Nel passato, come tutti sanno, c’erano delle agenzie formative precise e sufficientemente definite. Dai partiti politici all’associazionismo – in particolare quello cattolico -; dai gruppi culturali e sociali all’esperienza diretta nelle amministrazioni locali, quindi nel cosiddetto “civismo”. Ma, soprattutto, erano i partiti gli strumenti principali che assolvevano concretamente a questo compito. Certo, si trattava di partiti popolari e di massa, democratici e collegiali. Partiti con una cultura politica alle spalle che avevano anche la forza e il coraggio di dispiegare un progetto politico e, al contempo, anche una visione della società.
Dopodiché, rasi al suolo per svariate motivazioni questi strumenti democratici, sono rimaste sul terreno solo le macerie. E le macerie sono rappresentate dall’irruzione dei partiti personali, dei cartelli elettorali, dal criterio della “fedeltà” nei confronti del capo partito di turno e, in ultimo, dall’improvvisazione e dalla casualità della stessa classe dirigente. Frutto e prodotto dell’ideologia del populismo anti politico, demagogico e qualunquista che ha visto nel grillismo il suo compimento definitivo.
Una deriva che ha contribuito a ridicolizzare quella che un tempo veniva semplicemente chiamata classe dirigente. Politica ed amministrativa. Di conseguenza, abbandono della capacità di saper definire un progetto politico, archiviato il coraggio di disegnare un modello di società, abdicato al ruolo di essere esempio per le giovani generazioni e, soprattutto, radicale impossibilità di declinare una presenza politica popolare, sociale e radicata perché gli stessi partiti, nel frattempo, sono diventati semplici pallottolieri ed inguardabili cartelli elettorali.
Ecco perché chi continua a credere nell’importanza e nel ruolo dei partiti e nella loro funzione, prevista dalla stessa Costituzione, di contribuire a “concorrere con metodo democratico a determinare la politica nazionale”, non può non porsi il tema della formazione della classe dirigente e, di conseguenza, della sua stessa qualità ed autorevolezza. Perché senza classi dirigenti politiche preparate, radicate nei territori, espressione di pezzi di società e riconosciute come tali dalla intera pubblica opinione, sarà la stessa politica a uscirne fortemente ridimensionata se non addirittura sconfitta.

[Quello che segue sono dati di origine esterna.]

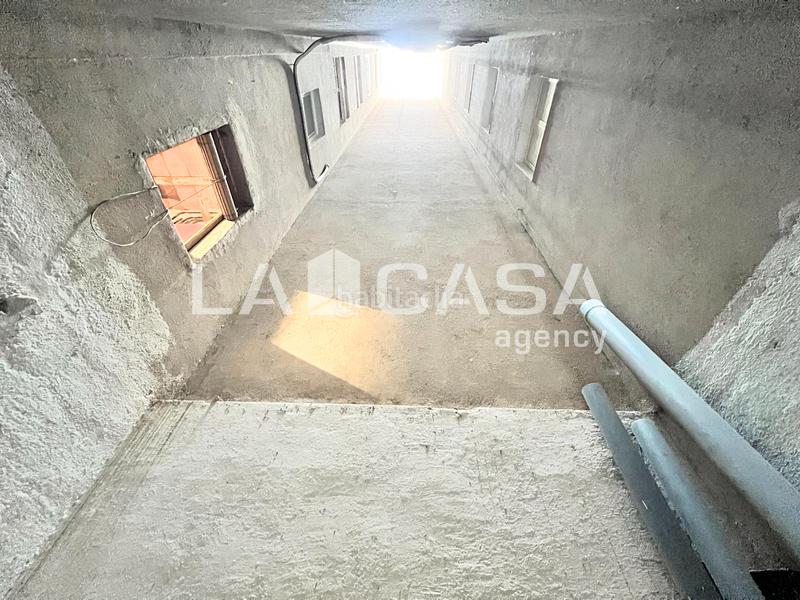 Foto d7b66af6-56d7-4b3b-95cf-7cfed96074ff. Local comercial a La Salut Badalona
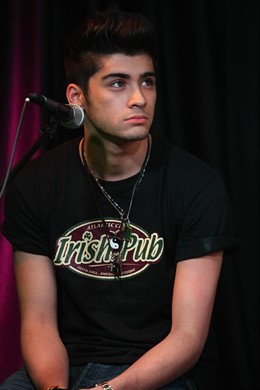 Zayn Malik encima de un escenario 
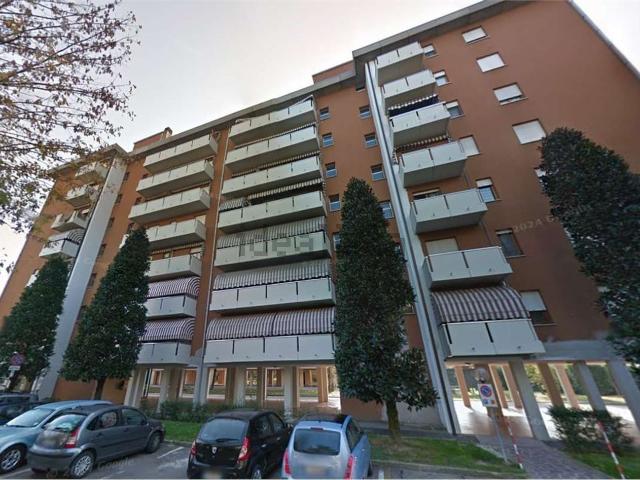 Appartamento in vendita di 75 m² in Via Praga, 7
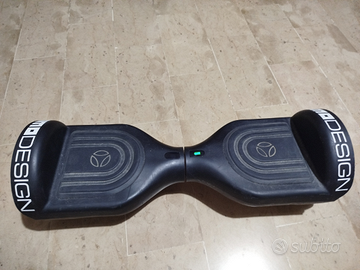 Momo design hoverboard nero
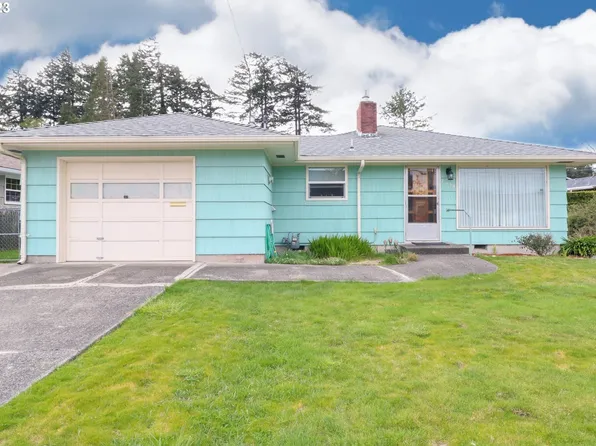 2034 Madrona St, North Bend, OR 97459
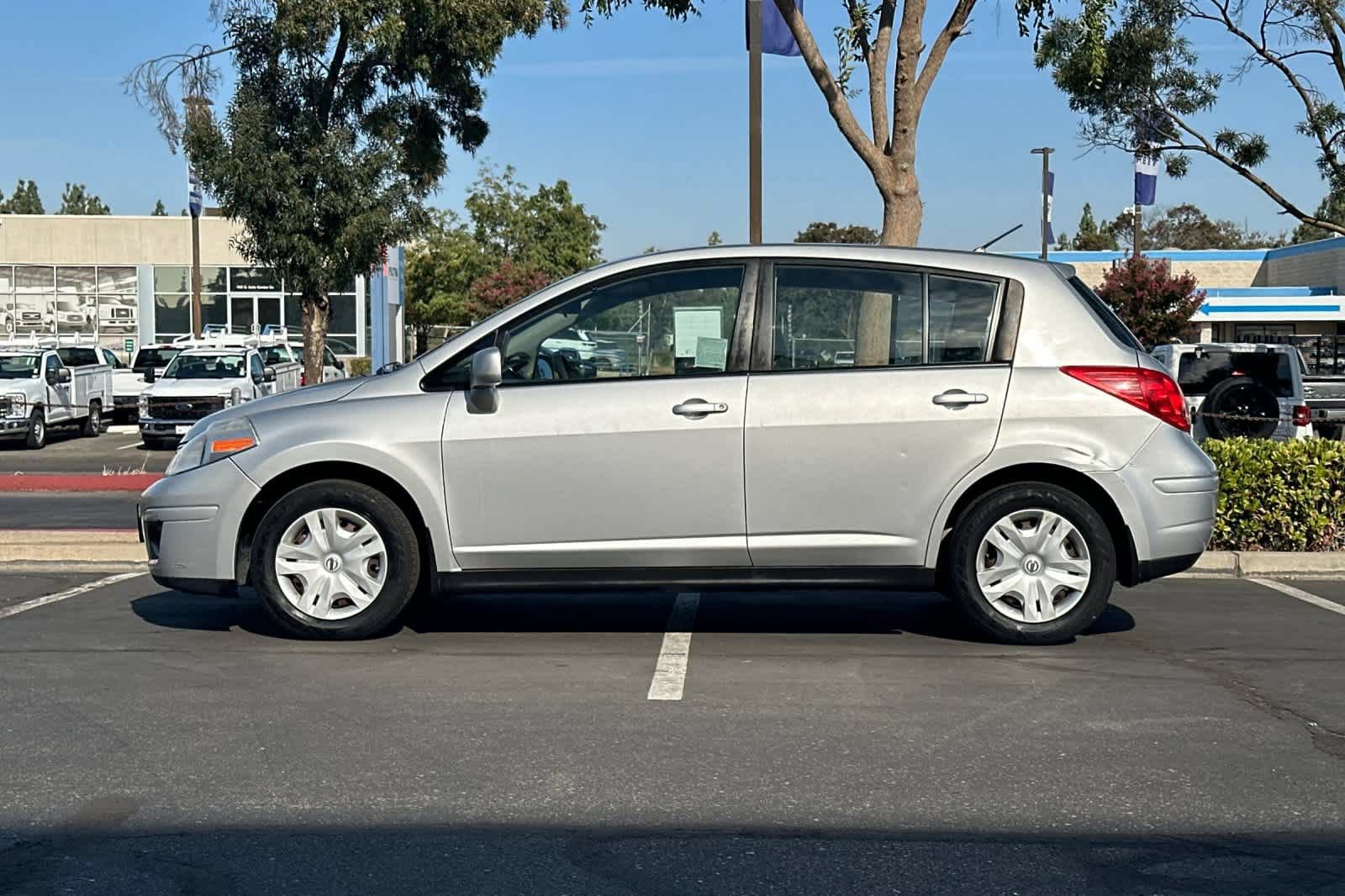 Used 2010 Nissan Versa 1.8 S w/ PWR Plus Pkg FWD image 6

E per invertire la rotta si deve, altrettanto semplicemente, buttare a mare la stagione dei partiti personali, della vulgata “uno vale uno”, dell’esaltazione dell’incompetenza e della superficialità e sul fatto, forse il più importante, che la politica non richiede professionalità. No, perché la politica non è professionismo ma richiede ed impone la professionalità. E questo perché politici non ci si inventa ma si diventa.